At the beginning of this month I was lucky enough to attend SpotOn London (Science, Policy and Tools Online; #solo13), a conference focusing on how online tools and technologies can aid in the sharing, advancement and communication of scientific research. As part of this ethos SpotOn strongly supports Open Access, ensuring all of the sessions can be watched live or recorded on their website. Having volunteered to get involved with the live streaming aspect of the event I was a member of the elite #StreamTeam, which also earned me a free ticket – WIN WIN.

As a PhD student, the majority of my previous conference experiences are of an academic nature. My adventures at both SpotOn London and the British Science Association Science Communication conference 2013 (SciComm 2013) earlier this year have highlighted to me the stark contrasts between the two conference types, both of which are interested in the communication of scientific research, albeit with different audiences in mind. As an individual flirting with both types, I’d like to use my experiences at SpotOn to highlight key areas in which I believe many academic conferences show marked scope for improvement.

At an academic conference, talks last for 20-30 minutes but can feel like they last for 20-30 hours (!) whereas at SpotOn, sessions were 1 hour long but flew by as if they lasted 10 minutes (and not just the ones that involved playing with LEGO)!


Perhaps this is simply my brain telling me an academic career is not for me, but feedback from fellow scientists, with a range of career goals, generally supports this view. I believe the answer lies in the session structures, which to some extent are limited by the content and aims of the different conferences. Standard academic conferences consist of highly structured, data-filled presentations with a very small time frame for Q&A. Contrastingly, SpotOn sessions ranged from interactive workshops to open panel discussions. In the latter, very short introductions were given by each panel member before the discussion was opened up to the floor for audience participation. Although this can make these sessions unpredictable and it can be difficult to reach significant conclusions in the allotted time, it does provide everyone with an excellent opportunity to have their say.


I’m well aware that presenting your data at conferences is important and I’m not naïve enough to suggest that this should not happen, but I do believe that integrating some interactive panel and audience discussion sections on broader topics or areas of debate within the conference subject area would offer variety and interest to an academic programme and help everyone feel like a relevant and contributing member of the field.

As mentioned previously, I was involved with the live streaming at SpotOn. This meant that any people not able to attend the conference were able to watch any sessions live on the website. Three themes (Policy, Outreach and Tools) were running concurrently throughout the conference, therefore as well as enabling non-attenders to follow the progress of the conference it also allowed attendees to view clashing sessions post-event.
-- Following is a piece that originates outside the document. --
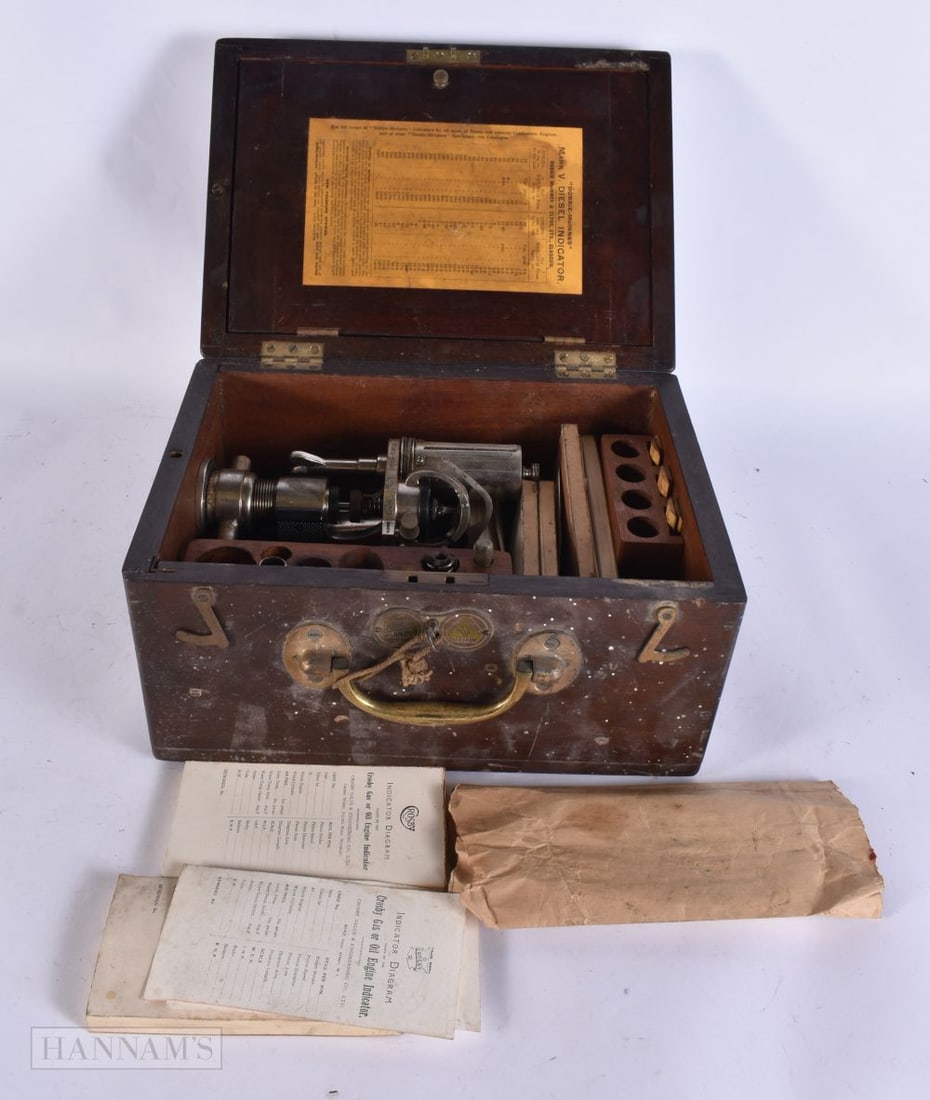 Antique Boxed Train Engine Indicator Set From Dobbie McInnes Glasgow W/ Key. 32 cm x 20 cm. (1 of 7)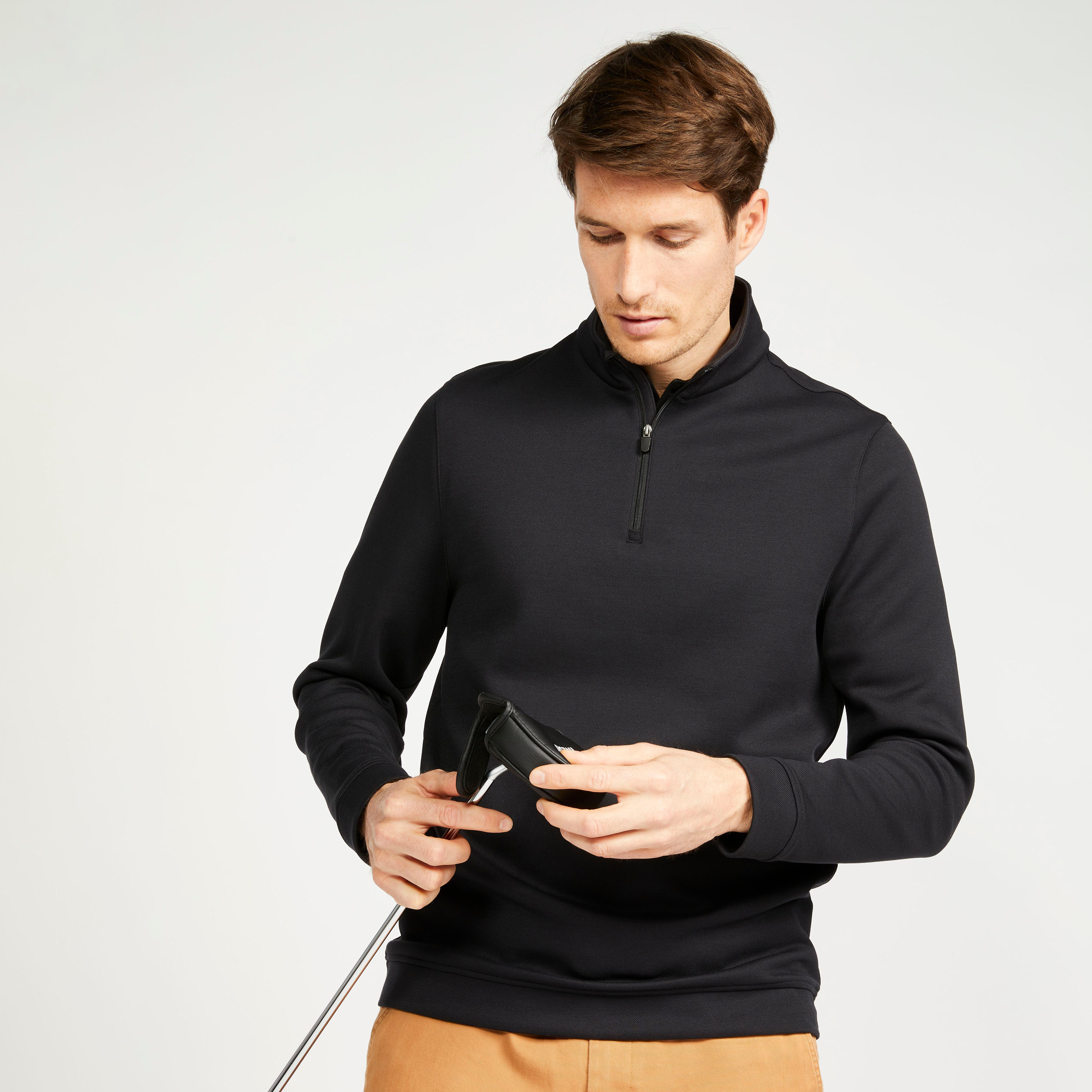 sweat golf homme - mw500 noir - inesis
People could also participate in the conference through social media, including Twitter; many attendees were actively live tweeting with each session having its own hashtag (some examples including #solo13carrot, #solo13lego, #solo13blogs and #solo13dark). Such is the popularity of this added conference dimension that several SpotOn hashtags ended up trending on twitter, meaning that they represented a significant amount of the twitter traffic going on in the area at that time. Tweeting is a novel and exciting way to air your feelings about the sessions and the event itself, and also connect with others in real time, permitting everyone to express their views, irrespective of their significance within the field.


This online presence is now inherent across many fields, especially relating to communication, media and journalism conferences where rapid communication is commonplace and vital to success. Yet in academia it is almost unheard of and was completely new to me when I attended Sci Comm 2013: it is neither encouraged nor discouraged at academic conferences, it is simply absent.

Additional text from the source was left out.